Hoje é sábado. Acordei e de pijama mesmo fiz uma prática de ioga. Mesmo com o dedão do pé ainda bem dolorido, fiz o que deu, sem dor. Exercitar a respiração consciente, suaves asanas e meditação matinal é um presente especial, que me dou tão pouco.
Quando desci para o café da manhã, ainda de pijama (gostosuras de sábados), o Paolo já estava por lá. A bancada estava posta pra mim, ele já havia comido porque tinha aula de piano às 9:00hs. Admiro sua persistência e dedicação ao instrumento. Ouço as aulas e me agrada todos os sons que vem de lá. A professora e ele conversam bastante, tanto sobre a vida, literatura, cinema e claro, música. Sinto uma pontadinha de ciúmes, mas adoro ouvir as gargalhadas do Paolo, tão raras!
Coloquei frutas e grãos nos comedouros para os passarinhos e, usufruí da presença deles enquanto comia minha tapioca com banana, mel e canela. Gosto tanto desse ritual, todos os dias realizo esse desjejum lento, com observação do lá fora.
Enquanto apreciava o esvoaçar dos passarinhos, a maioria rolinhas, alguns tico ticos, sanhaços, sabiás laranjeira e um ousado bem-te-vi, meu pensamento viajava na liberdade dos dois meninos de 11 anos, que ontem foram com o professor Rodrigo e comigo ao Parque Ibirapuera. Depois de meses de reclusão obrigatória, os meninos estavam soltos no parque, soltos e guiando seus professores. Mostrando para nós os caminhos que eles mesmos desconheciam. Engordaram de tanto ficar em casa, mas pedalavam as bicicletas com determinação e velocidade. Transitavam com domínio, ultrapassavam, evitavam com segurança às que vinham no sentido oposto, paravam e olhavam num mapa enquanto esperavam que o Rodrigo e eu os alcançássemos.
Eu estou numa fase em que meus pés tem doído muito, sofro de fascite plantar e estou com o dedão em recuperação de uma fratura exposta. Então, alugar bicicletas foi uma ideia minha para conseguir administrar minhas dores. Para o Rodrigo foi o oposto. A bicicleta chegou para ele como um desafio, anos depois de um acidente que o traumatizou. Foi bacana estar com ele nesse momento e ver esse homem que admiro na ação com as crianças, enfrentando por eles, por mim e por si tamanha peleja.
Mas voltemos à liberdade dos pássaros. Eles nem se sabem livres, já os meninos… ah, os meninos andam presos, entre paredes, medos, regras, leis, consumos, … Mas ontem, ontem os meninos estavam livres. Será que eles se sabem presos? Sim!
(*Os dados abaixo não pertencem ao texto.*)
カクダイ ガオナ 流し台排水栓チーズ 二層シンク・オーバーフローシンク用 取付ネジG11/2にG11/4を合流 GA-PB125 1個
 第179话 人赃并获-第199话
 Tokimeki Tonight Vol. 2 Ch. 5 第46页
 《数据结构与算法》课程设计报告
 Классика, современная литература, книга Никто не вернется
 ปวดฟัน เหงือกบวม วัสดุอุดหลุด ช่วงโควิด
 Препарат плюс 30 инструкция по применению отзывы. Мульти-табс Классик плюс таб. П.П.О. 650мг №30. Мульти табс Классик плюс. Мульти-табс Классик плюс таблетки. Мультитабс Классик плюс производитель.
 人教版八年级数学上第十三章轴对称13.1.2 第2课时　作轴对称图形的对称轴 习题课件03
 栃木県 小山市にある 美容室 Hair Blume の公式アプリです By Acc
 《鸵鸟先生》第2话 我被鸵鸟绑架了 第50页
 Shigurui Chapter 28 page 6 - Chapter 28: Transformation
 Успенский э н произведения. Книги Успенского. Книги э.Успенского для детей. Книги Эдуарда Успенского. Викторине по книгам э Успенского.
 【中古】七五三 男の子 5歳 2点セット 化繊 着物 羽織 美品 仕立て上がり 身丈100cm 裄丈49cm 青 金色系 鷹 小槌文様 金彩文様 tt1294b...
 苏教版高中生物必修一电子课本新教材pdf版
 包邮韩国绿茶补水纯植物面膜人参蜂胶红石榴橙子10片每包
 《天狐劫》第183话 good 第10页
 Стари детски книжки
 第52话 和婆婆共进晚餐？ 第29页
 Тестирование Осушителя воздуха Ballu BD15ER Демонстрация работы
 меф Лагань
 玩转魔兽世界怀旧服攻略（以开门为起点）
Numa certa altura, ao nos avisarem que iam ao banheiro, já disseram: “já sabemos que temos que levar o álcool, não se preocupem, não precisam agir como mães neuróticas”. E, riram. E rimos todos. Afinal, eles já sabem mesmo como lidar com tanta coisa. Já estão se despedindo do Ensino Fundamental. Vão mudar de escola. Voar para mais longe.
Os passarinhos estavam ali, na minha frente esvoaçando e comendo. A minha memória me trazia esses dois meninos que amo tanto, que vi nascerem e crescer tão de pertinho. Ontem senti que estão prontos. O passeio foi um Ritual de Passagem! E, eu? Estou pronta para vê-los partir?
Meu coração ia lá fora com os passarinhos e voltava dentro de mim em confrontos emocionais. Eu me alimentava de tudo. Então, num raio de lucidez e presença, percebi que estava sendo embalada por Bach, em seu Minueto em Sol Menor, que era o que o Paolo tocava em sua aula lá do seu escritório. Nossa, que alinhamento! Que clarão! Preciso escrever, eternizar o momento, o sentimento, a emoção.
Ô vida essa de ser humano, cheia de sacolejos, meandros, distopias e utopias, maravilhamentos!